● **Problem**
Your output must be the lines below from the line containing "Affirmations (My Affirmation) screenshot 1" to the line containing "Sergio Agüero : But", both lines included, reproduced exactly and without pictures.

● **Information provided**
=== Section Start ===

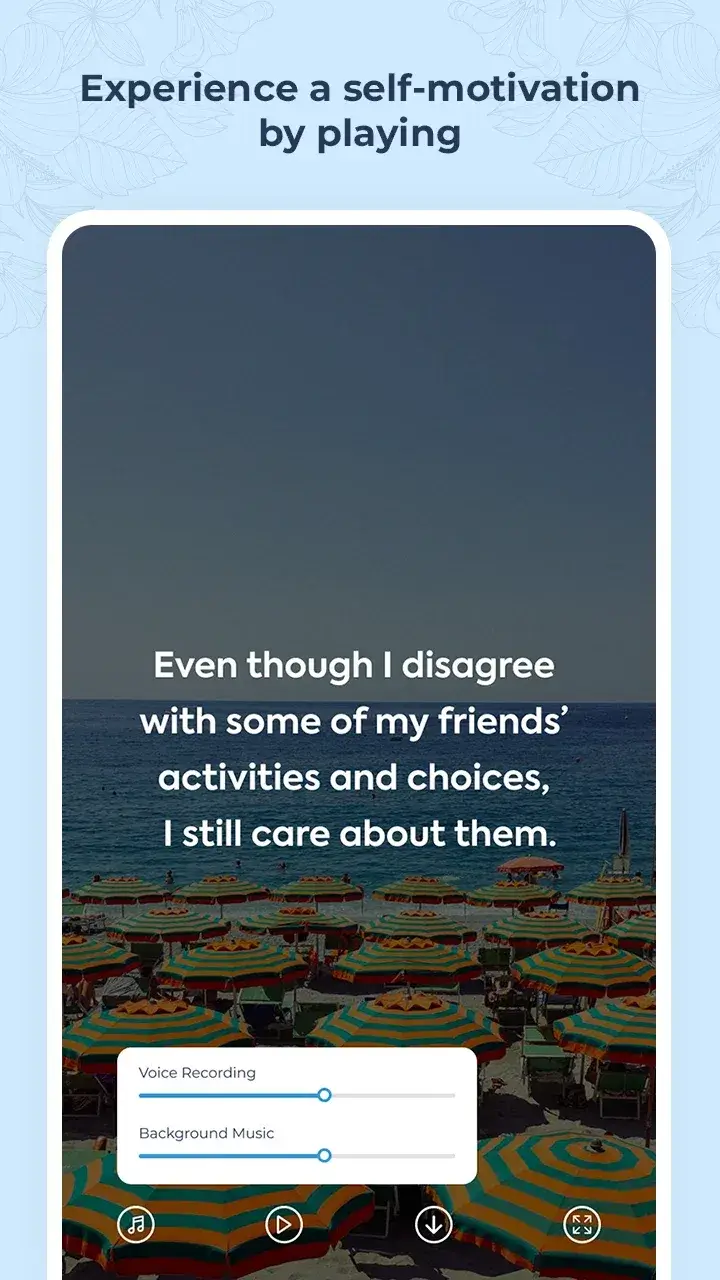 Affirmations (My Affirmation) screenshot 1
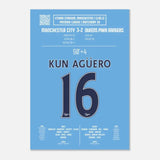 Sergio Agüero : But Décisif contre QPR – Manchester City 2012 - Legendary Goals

=== Section End ===
=== Section Start ===

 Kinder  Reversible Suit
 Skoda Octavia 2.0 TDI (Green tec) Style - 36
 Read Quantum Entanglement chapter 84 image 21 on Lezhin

=== Section End ===

● **Written reply**
 Affirmations (My Affirmation) screenshot 1
 Sergio Agüero : But Décisif contre QPR – Manchester City 2012 - Legendary Goals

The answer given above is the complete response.